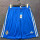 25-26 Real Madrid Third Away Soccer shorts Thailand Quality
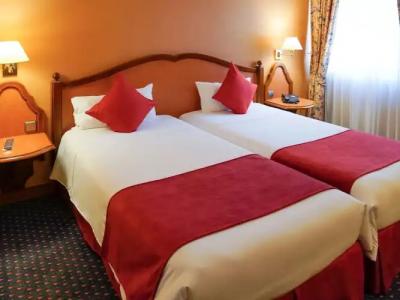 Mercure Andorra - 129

--

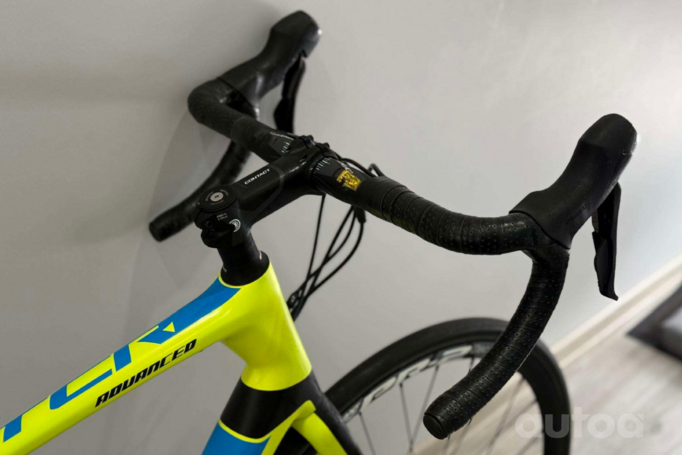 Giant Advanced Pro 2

==

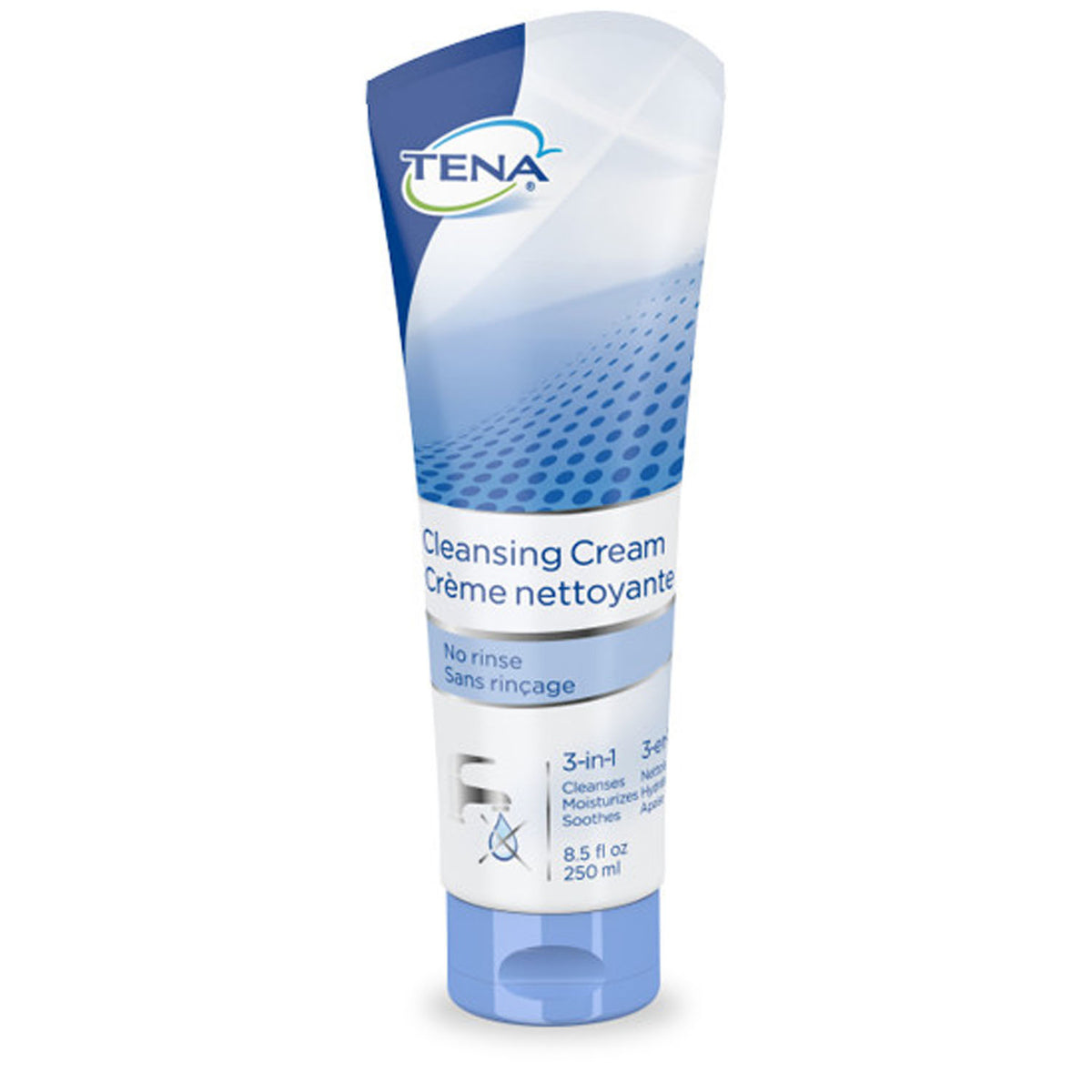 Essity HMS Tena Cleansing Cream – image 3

- [Task directions]
Using the data above, give again exactly the lines starting at the one holding "25-26 Real Madrid" and ending at the one holding "Mercure Andorra - 129", inclusive, and nothing more. Omit the pictures.

- [Your solution]
 25-26 Real Madrid Third Away Soccer shorts Thailand Quality
 Mercure Andorra - 129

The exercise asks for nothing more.